The framework core specification defines two groups of components. The first set of components implements multimodal adaptation algorithms for processing and managing input and output data as well as to adapt parameters across modalities for a given user profile. These include: the “Input Adaptation” module for filtering and manipulating a sequence of continuous user input data such as cursor positions from a computer mouse; the “Fusion Module” that is responsible for interpreting inputs from different input devices into meaningful commands for a given application; the “Dialog Manager” manages changes in the application’s state and manages dialogs between user and framework; and the “Fission Module” that is responsible for preparing and coordinating the multimodal rendering of content to the user. A second set of components manages context information and user profile data. The Context Model stores and manages context events generated by different context sources and implements rule-based logic for reasoning on context data for given situational changes. The User Model manages a set of sample profiles derived by a user initialization application at runtime.

Further details of the communication mechanisms of the framework and of framework components are presented in other chapters of this book. Still, it is important to highlight two factors: application independence and platform independence. For the framework to be adopted by service providers it must be able to process applications which have not been programmed specifically for it. For the framework to be adopted by platform manufacturers it must be able to operate in platforms which have not been designed specifically for it. In order to support these requirements, AEI will have to be provided for each AEE. In the scope of the GUIDE project, on AEI has been developed targeting one AEE. The AEE selected was the web browser, and the resulting AEI is called the Web Browser Interface (WBI). Additionally, an application independent UI specification format has been adopted in the framework, which will be presented in the next section.

3 Interfacing with Applications

In order for an adaptive system to adapt a user interface or to apply the interpreted commands from combinations of different inputs, it needs to have knowledge about the application’s user interface. One the GUIDE framework’s goals is to be compatible with any type of application. As it isn’t feasible to develop an instance of the core for each application type (and associated development language), we needed a standard UI description language (UIDL) to interface between framework and application.

Further, as has been discussed above, framework requirements specify that application designers and developers should have little effort to make their applications compatible with the framework. At the same time, the extraction of the UI representation should be possible without requiring much processing power due to the constraints imposed by set-top box environment. To meet these requirements each AEI must have a component, named User Interface Extraction Component (UIREC), that is responsible for extracting the application’s UI representation.

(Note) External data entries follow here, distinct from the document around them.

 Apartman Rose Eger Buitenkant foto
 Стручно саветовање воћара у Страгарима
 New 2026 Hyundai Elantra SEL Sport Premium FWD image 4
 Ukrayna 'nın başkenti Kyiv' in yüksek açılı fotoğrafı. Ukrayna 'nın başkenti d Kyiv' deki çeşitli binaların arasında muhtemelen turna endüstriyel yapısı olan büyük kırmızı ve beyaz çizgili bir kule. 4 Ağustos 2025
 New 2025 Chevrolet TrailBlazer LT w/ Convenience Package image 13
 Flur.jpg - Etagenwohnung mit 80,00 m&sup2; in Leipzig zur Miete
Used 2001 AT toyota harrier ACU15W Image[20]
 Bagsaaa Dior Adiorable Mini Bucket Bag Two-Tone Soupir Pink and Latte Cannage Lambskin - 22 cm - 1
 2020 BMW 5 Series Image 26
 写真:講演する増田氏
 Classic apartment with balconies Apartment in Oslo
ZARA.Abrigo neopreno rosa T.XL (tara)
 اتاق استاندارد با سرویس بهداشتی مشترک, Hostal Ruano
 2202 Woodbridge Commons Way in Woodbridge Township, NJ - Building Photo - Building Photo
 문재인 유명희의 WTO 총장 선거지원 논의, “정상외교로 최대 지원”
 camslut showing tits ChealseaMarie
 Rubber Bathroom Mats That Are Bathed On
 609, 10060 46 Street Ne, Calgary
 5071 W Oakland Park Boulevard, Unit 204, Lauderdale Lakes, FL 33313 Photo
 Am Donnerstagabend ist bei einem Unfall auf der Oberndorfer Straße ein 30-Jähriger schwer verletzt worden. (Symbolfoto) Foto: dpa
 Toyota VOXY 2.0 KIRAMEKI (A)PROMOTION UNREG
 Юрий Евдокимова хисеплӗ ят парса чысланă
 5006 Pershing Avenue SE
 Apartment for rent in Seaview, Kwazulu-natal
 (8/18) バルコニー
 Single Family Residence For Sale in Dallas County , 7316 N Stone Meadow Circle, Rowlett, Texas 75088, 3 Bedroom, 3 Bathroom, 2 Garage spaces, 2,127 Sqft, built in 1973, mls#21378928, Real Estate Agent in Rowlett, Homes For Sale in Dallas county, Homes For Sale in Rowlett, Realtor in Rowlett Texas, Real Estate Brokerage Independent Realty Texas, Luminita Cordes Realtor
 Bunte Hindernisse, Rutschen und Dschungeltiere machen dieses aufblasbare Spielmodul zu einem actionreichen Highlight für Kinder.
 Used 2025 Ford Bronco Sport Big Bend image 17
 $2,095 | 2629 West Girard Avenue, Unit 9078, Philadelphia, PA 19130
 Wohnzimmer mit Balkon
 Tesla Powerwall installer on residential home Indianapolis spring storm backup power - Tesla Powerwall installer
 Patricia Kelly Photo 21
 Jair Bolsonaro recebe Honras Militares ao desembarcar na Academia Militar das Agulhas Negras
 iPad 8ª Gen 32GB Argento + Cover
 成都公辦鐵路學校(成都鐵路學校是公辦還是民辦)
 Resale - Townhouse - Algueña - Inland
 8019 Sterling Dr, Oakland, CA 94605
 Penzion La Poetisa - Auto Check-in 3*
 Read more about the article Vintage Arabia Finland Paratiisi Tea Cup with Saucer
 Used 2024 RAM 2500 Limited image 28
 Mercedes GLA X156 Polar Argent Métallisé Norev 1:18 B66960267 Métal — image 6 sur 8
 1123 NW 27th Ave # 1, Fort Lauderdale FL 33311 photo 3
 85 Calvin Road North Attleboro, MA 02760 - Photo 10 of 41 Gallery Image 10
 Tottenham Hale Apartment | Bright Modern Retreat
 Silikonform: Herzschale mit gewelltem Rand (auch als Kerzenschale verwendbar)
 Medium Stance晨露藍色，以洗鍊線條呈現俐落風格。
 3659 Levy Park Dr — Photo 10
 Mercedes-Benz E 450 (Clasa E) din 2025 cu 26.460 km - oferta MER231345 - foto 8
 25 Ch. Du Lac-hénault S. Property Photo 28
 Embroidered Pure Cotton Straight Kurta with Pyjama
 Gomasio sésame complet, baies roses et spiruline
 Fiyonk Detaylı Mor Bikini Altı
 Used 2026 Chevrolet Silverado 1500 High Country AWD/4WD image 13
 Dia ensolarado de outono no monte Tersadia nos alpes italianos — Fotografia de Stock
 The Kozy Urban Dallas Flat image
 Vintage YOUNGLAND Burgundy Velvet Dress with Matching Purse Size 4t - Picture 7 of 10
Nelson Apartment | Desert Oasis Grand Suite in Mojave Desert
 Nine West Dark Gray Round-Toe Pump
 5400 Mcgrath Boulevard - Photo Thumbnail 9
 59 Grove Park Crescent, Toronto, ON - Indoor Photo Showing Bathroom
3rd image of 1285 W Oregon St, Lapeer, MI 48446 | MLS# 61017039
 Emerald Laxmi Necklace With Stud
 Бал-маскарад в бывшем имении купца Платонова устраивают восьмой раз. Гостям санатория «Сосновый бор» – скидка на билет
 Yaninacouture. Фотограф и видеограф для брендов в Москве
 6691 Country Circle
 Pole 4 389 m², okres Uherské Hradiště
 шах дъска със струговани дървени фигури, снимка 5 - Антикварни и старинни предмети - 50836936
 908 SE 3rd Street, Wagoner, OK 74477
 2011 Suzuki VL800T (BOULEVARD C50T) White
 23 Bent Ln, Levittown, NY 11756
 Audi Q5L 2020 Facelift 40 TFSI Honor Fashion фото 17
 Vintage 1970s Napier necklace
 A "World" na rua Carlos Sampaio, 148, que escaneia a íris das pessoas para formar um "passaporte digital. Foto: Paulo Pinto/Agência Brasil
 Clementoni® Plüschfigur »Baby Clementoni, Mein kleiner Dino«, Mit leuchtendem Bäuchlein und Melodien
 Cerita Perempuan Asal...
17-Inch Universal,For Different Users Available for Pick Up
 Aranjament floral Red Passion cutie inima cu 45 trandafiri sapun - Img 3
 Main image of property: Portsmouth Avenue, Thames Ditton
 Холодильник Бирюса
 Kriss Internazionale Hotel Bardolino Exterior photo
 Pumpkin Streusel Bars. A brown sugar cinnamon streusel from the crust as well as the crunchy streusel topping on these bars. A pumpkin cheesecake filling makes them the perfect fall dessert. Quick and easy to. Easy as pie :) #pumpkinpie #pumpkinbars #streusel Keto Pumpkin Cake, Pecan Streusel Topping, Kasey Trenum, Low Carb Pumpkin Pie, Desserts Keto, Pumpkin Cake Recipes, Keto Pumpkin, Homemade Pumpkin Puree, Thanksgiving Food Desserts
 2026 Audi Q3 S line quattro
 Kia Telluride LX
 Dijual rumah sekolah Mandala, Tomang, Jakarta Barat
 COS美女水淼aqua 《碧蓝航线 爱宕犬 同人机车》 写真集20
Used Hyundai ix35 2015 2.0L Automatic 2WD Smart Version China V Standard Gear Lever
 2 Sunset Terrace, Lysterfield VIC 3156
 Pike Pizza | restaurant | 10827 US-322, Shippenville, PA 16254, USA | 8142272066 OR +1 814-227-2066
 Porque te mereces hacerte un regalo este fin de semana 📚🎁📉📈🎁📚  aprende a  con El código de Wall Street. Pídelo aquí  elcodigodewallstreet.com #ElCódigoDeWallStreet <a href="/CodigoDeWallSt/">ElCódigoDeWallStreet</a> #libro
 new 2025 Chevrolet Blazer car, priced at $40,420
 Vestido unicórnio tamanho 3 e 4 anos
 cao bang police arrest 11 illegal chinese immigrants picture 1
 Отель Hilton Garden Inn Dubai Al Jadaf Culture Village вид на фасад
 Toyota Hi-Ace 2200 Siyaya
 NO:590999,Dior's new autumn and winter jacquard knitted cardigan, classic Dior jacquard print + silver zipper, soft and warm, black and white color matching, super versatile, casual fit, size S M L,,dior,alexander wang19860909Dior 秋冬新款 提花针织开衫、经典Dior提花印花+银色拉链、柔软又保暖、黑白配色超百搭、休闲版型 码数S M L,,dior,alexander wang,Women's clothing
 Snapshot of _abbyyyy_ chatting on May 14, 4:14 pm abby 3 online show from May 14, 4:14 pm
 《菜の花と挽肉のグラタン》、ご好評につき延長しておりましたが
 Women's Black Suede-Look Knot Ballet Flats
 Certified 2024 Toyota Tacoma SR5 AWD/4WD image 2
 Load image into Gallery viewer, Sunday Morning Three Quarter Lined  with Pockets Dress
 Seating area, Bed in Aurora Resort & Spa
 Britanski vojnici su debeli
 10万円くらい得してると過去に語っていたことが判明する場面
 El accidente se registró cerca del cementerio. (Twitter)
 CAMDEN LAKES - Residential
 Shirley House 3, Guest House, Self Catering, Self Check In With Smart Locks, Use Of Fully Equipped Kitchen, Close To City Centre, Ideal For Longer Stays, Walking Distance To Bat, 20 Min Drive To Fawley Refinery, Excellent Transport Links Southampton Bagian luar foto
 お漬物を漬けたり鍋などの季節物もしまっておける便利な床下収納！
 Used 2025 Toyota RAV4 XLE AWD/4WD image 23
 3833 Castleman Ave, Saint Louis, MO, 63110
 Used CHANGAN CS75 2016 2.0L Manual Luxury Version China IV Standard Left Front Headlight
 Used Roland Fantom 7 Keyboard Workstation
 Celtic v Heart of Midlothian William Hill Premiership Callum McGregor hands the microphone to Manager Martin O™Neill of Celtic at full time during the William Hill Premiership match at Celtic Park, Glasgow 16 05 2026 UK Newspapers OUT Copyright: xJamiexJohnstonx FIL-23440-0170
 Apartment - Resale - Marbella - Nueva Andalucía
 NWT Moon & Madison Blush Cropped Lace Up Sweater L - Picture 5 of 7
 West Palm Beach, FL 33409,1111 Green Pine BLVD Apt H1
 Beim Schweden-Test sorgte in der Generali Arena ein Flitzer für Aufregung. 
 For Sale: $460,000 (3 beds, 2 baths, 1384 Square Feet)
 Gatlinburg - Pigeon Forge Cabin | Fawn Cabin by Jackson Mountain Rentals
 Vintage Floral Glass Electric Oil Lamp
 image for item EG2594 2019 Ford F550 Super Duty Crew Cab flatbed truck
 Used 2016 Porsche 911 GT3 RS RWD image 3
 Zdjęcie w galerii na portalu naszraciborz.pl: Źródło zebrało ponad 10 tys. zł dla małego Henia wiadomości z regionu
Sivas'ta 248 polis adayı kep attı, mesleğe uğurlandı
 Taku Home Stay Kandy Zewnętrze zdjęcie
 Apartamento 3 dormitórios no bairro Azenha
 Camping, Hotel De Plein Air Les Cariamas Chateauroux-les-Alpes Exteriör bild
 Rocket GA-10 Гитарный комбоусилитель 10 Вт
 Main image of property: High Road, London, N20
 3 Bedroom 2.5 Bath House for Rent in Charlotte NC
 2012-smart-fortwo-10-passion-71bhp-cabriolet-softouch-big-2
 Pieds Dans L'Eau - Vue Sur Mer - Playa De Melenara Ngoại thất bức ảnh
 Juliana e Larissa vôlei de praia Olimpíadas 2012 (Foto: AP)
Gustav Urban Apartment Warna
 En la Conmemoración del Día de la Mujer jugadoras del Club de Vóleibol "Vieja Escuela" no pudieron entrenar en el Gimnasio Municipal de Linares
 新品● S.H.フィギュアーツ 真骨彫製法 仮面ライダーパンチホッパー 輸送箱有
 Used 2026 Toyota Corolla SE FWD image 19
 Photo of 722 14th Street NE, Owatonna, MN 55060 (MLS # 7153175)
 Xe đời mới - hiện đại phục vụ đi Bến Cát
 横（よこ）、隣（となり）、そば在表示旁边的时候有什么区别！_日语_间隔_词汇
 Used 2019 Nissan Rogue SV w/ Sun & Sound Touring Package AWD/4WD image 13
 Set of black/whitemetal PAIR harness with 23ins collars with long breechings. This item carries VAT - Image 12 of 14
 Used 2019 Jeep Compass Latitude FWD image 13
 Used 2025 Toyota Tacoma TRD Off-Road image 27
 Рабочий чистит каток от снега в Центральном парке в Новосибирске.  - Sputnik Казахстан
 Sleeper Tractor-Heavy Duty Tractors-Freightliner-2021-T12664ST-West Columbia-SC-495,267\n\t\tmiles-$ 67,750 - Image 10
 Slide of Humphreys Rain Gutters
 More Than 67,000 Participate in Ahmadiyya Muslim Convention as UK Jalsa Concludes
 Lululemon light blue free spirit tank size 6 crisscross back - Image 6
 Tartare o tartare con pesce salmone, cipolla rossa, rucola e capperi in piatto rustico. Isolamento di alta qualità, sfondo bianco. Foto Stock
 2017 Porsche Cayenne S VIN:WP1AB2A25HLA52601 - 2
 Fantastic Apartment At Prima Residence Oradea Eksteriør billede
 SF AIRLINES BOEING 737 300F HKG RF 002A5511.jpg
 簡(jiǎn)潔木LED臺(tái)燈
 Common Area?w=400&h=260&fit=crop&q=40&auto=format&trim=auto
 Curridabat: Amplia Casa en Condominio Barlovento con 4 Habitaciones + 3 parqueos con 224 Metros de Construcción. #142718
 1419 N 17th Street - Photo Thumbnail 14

The following sections describe the alternatives and choices we have faced during the development of this component for the WBI.

3.1 User Interface Description Languages

As mentioned before, it is a requirement of the GUIDE framework to analyze, choose and adhere to one of existing abstract UI representation language standards. In order to ensure a complete separation of application logic from its presentation, the GUIDE Framework should support a standard interface vocabulary that abstracts the semantics and intents of an application from its concrete user interface implementation. Thus a design consideration in GUIDE is to evaluate and select from the plethora of existing abstract UI description standards, one that meets its abstract UI description needs but at the same time, also requires minimal effort in implementation and re-use. Table 9.1 shows the considered UIDLs.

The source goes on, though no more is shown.